Em 11 de abril de 2014, a Secretaria Municipal de Coordenação das subprefeituras (SMSP) assinou seis contratos com a empresa Jofege Pavimentação e Construção para a realização da ciclovia Faria Lima. A via a ser erguida no canteiro central deve ligar a Ceagesp ao Parque do Ibirapuera, passando por avenidas importantes como a Faria Lima e a Hélio Pellegrino. Mas o trecho entre o Largo da Batata e a Praça Apecatu já existe e está em operação desde 2012. Dessa forma, seria o primeiro caso mundial de uma ciclovia construída sobre outra.

Passados cinco meses, os trabalhos acabaram sendo paralisados pela prefeitura, após o TCM apontar a duplicidade do traçado. O embargo atingiu apenas 2,5 quilômetros (o restante do trajeto continua em obras, com previsão de conclusão em outubro). Curiosamente, a pista instalada custou um décimo da nova, orçada em mais de 15 milhões de reais.

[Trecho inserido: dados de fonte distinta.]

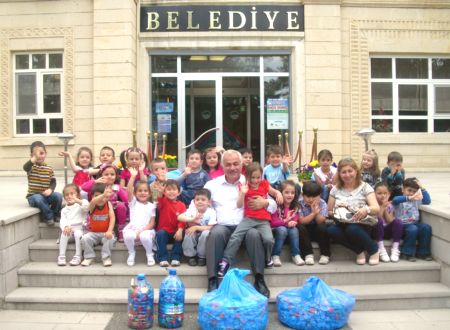 minik-ogrenciler-engelliler-icin-mavi-kapak-1435414_b.jpg minik-ogrenciler-engelliler-icin-mavi-kapak-1435414_b.jpg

Coincidência ou não, nos últimos dias foram retiradas do ar as informações sobre o projeto de 12 quilômetros da Faria Lima na área do site da prefeitura em que é detalhado o plano de metas da gestão para ciclovias.

ciclovia afonso de sampaio
ciclovia afonso de sampaio ()

Para avaliar os melhores e os piores trechos da malha atual da metrópole, a reportagem de VEJA SÃO PAULO percorreu, na semana passada, mais de 200 quilômetros do sistema. Cerca de 60% dos locais avaliados apresentavam problemas de pavimentação, como rachaduras e buracos no asfalto. Das 82 ciclovias e ciclofaixas, quarenta tinham longos trechos com falhas na conservação da tinta aplicada no chão. Na região central, foi preciso travar uma batalha com as centenas de pedestres que invadiam as vias.

A maioria das faixas aparenta não ter muita utilidade prática como transporte público. A de Mirandópolis, na Zona Sul, por exemplo, tem 200 metros de extensão e ocupa somente um quarteirão da Rua Guapiaçu. Os melhores trechos em funcionamento estão localizados nas avenidas Eliseu de Almeida e Faria Lima e no Rio Pinheiros, todos na Zona Oeste, com piso bem conservado, boa sinalização e fluidez.

Essas são justamente as ciclovias que apresentam o maior número de usuários. A da Faria Lima recebe cerca de 1 700 ciclistas por dia, segundo estimativas da Associação dos Ciclistas Urbanos de São Paulo (Ciclocidade). A prefeitura não tem pesquisas atualizadas sobre o nível de utilização das faixas da cidade.

ciclovia praça vilaboim
ciclovia praça vilaboim ()

Depois de terminar a auditoria sobre as obras da Paulista e da Amaral Gurgel, o relator Edson Simões enviou à prefeitura, em 26 de janeiro, os ofícios EES-2003/15, EES-2004/15 e EES-2005/15. A Secretaria de Transportes, de Jilmar Tatto, tem até a próxima terça (10) para apresentar explicações ao TCM. Porta-voz do governo municipal para o programa,Tatto negou-se a falar com VEJA SÃO PAULO a respeito do assunto.

Limitou-se a enviar a seguinte nota à redação: “Estamos atuando conjuntamente com outras secretarias, como a de Subprefeituras e a de Obras, quando necessário, para a implementação da rede cicloviária na cidade. O cumprimento da meta de 400 quilômetros está assegurado”.

Procurado pela revista, Fernando Haddad também não falou sobre o assunto (sua assessoria alegaou falta de tempo na agenda). Se a prefeitura não convencer o TCM da legalidade dos contratos, as obras correm o risco de ser suspensas e o Judiciário pode pedir a devolução das quantias que considerar superfaturadas .É fundamental esclarecer o caso. As ciclovias merecem aplausos, mas a pista precisa estar limpa.